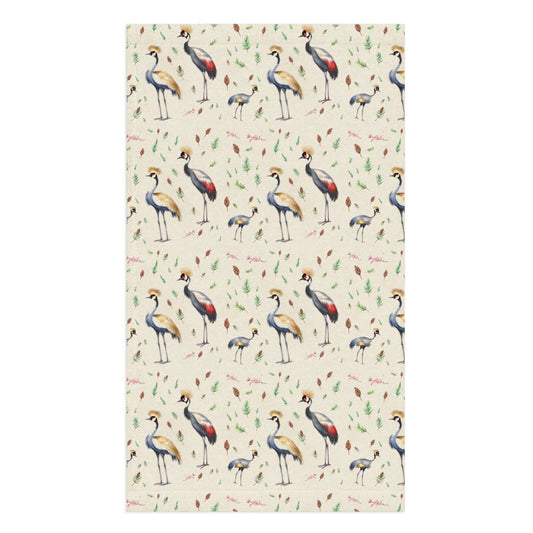 Crane & Pine Tea Towel - watercolour design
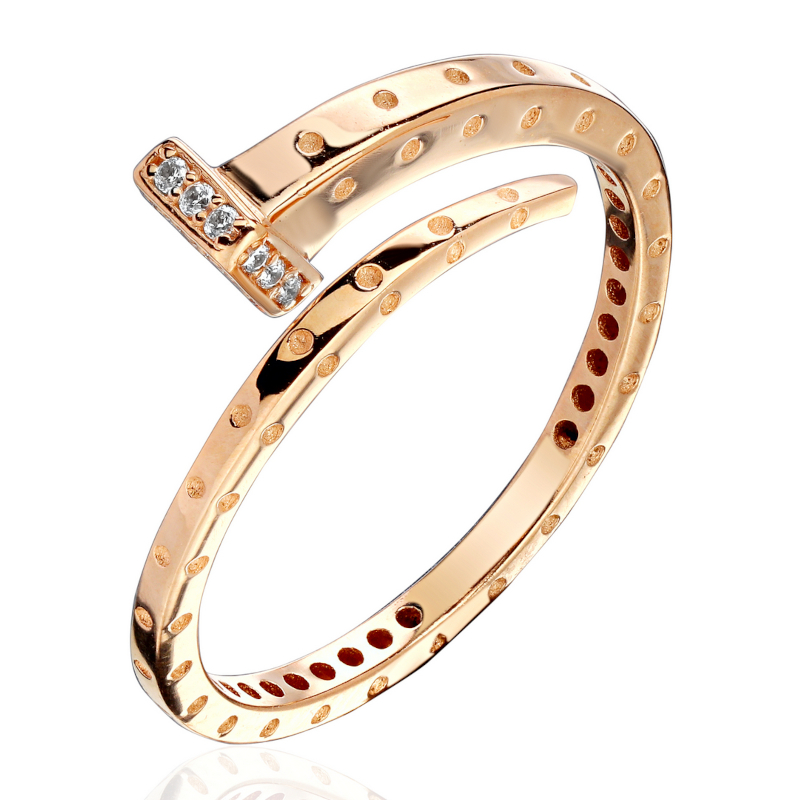 Кольцо из красного золота 585 пробы с фианитами 01К1114865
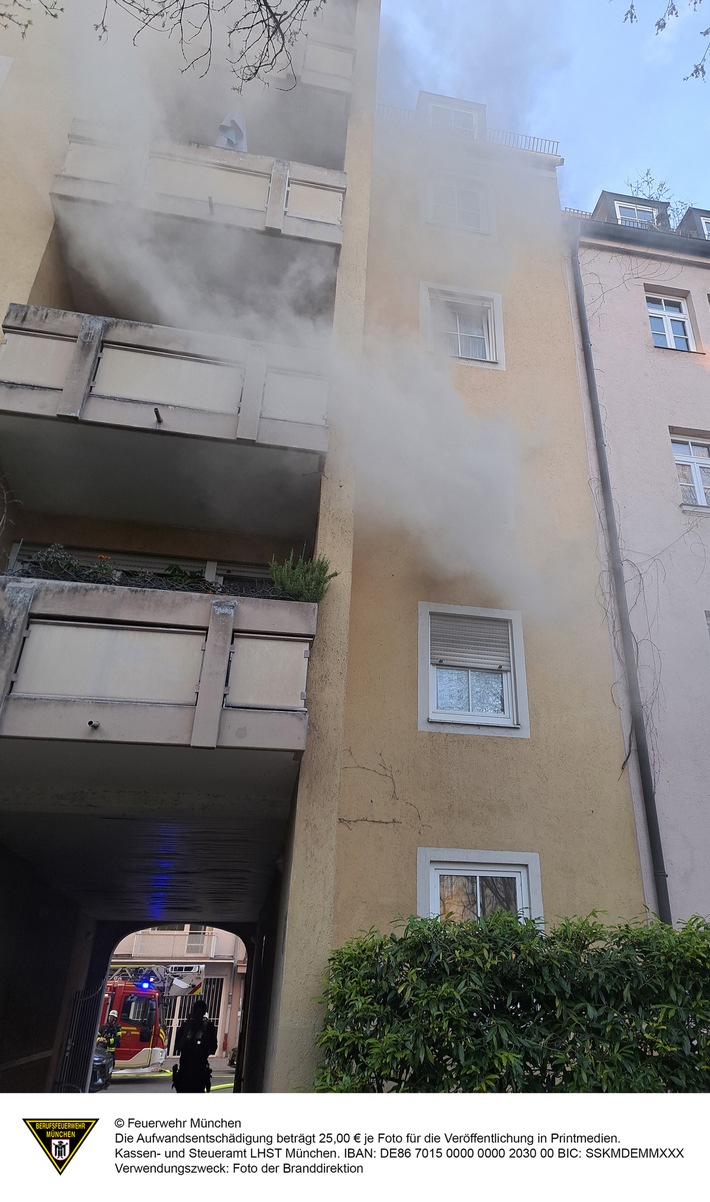 FW-M: Wohnung nach Brand unbewohnbar (Isarvorstadt)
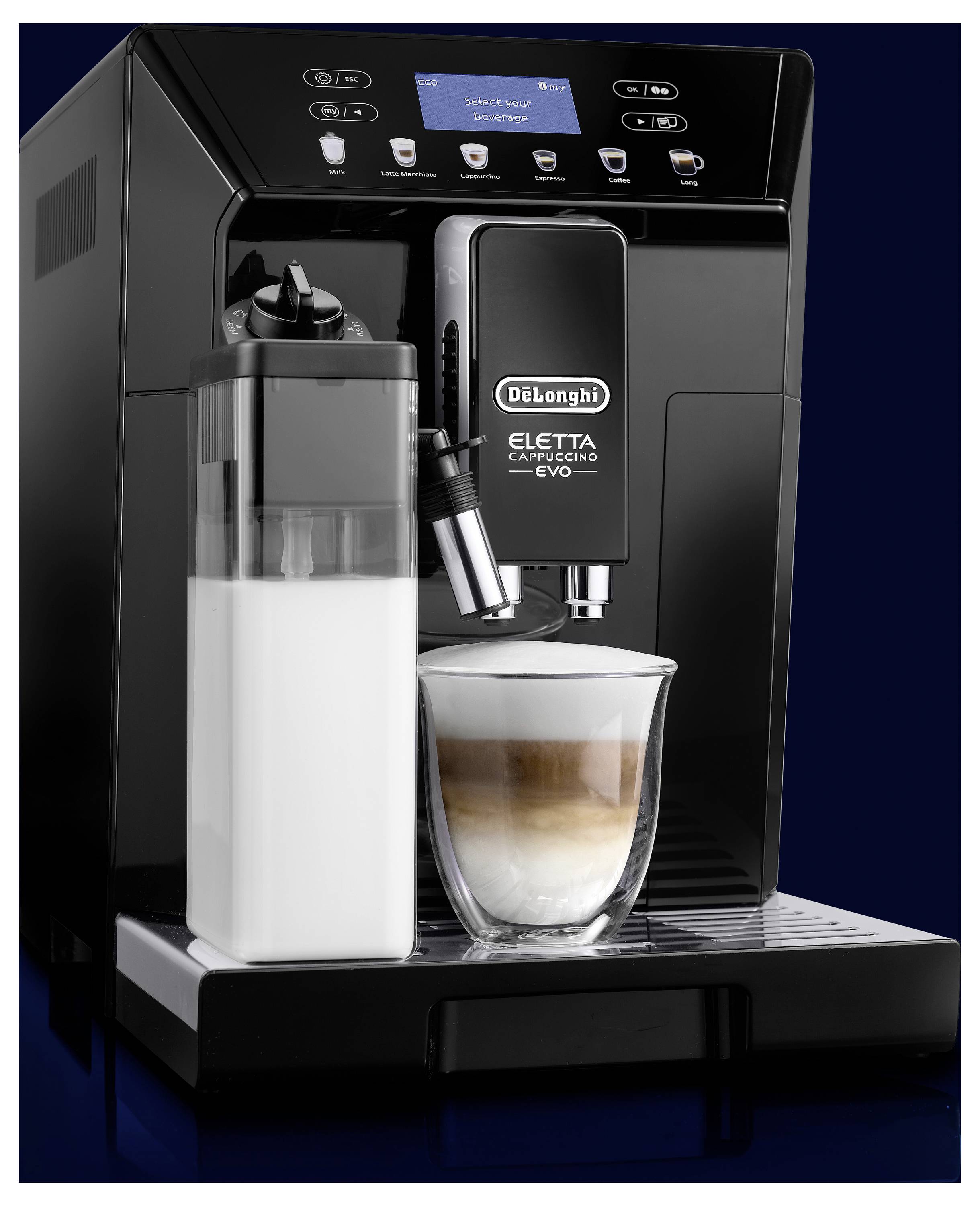 A black espresso machine with a digital display and milk frother prepares a cappuccino, shown with a layer of foam in a clear glass.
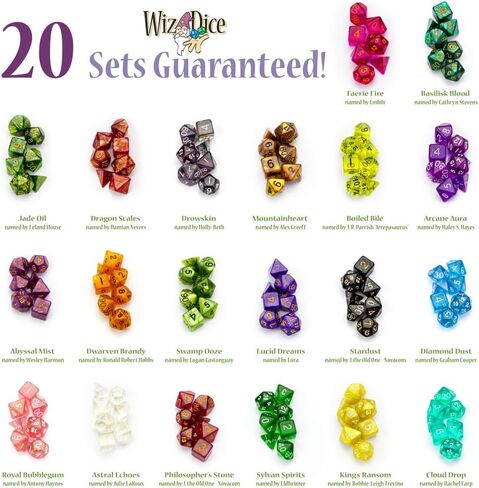 حزمة النرد النهائية من Wiz Dice - حقيبة التهام والخدع والروعة، 3 عبوات - ثلاث أكياس نرد مع 420 شكل متعدد السطوح لألعاب تقمص الأدوار على الطاولة - 60 مجموعة كاملة وفريدة من نوعها من نرد الألعاب in Kuwait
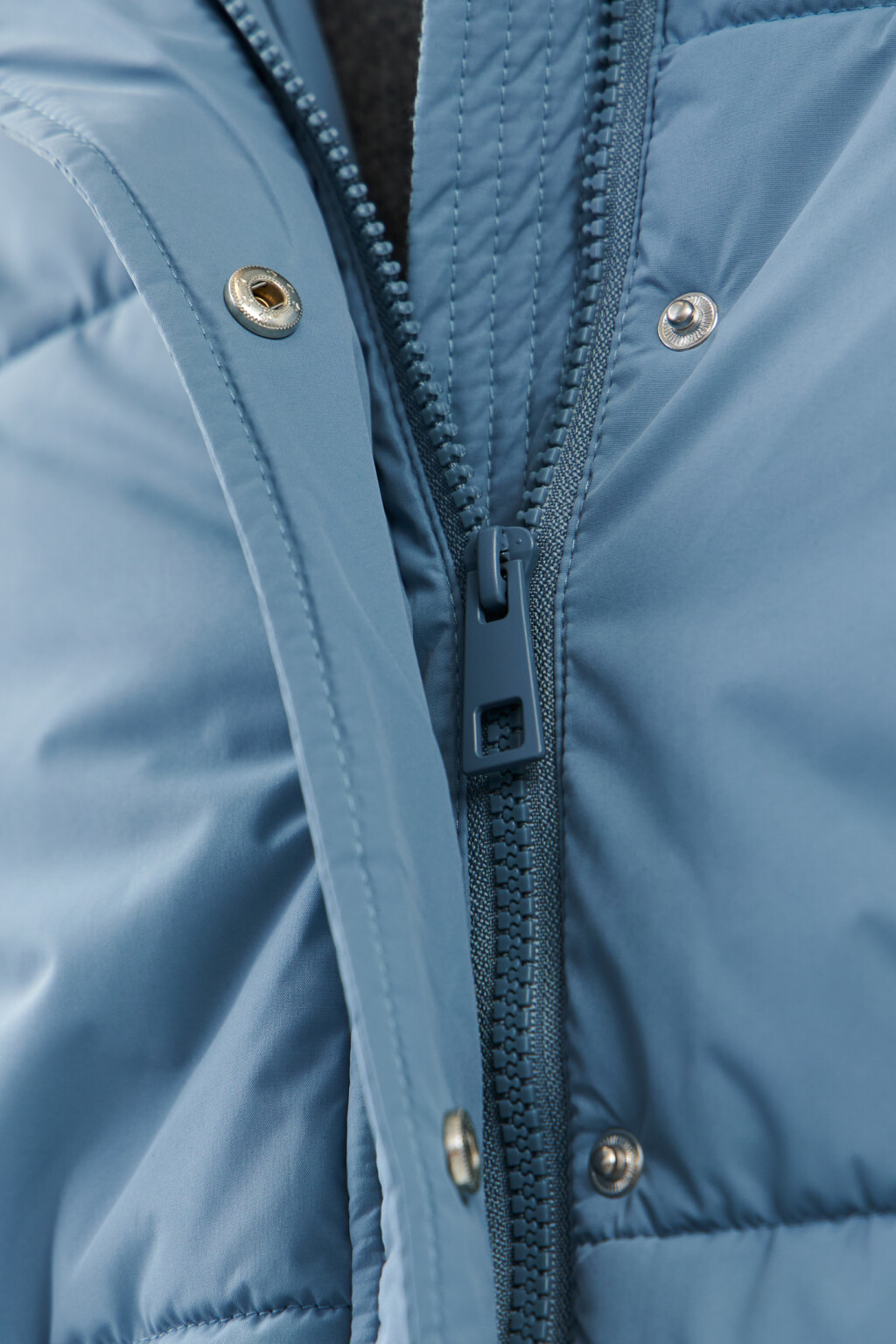 Пуховик стеганый демисезонный с капюшоном - цвет голубой - 5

++++++

TASK DESCRIPTION: Could you restate every record above word for word, dropping the pictures?

ANSWER SPACE:
 Crane & Pine Tea Towel - watercolour design
 Кольцо из красного золота 585 пробы с фианитами 01К1114865
 FW-M: Wohnung nach Brand unbewohnbar (Isarvorstadt)
 A black espresso machine with a digital display and milk frother prepares a cappuccino, shown with a layer of foam in a clear glass.
 حزمة النرد النهائية من Wiz Dice - حقيبة التهام والخدع والروعة، 3 عبوات - ثلاث أكياس نرد مع 420 شكل متعدد السطوح لألعاب تقمص الأدوار على الطاولة - 60 مجموعة كاملة وفريدة من نوعها من نرد الألعاب in Kuwait
 Пуховик стеганый демисезонный с капюшоном - цвет голубой - 5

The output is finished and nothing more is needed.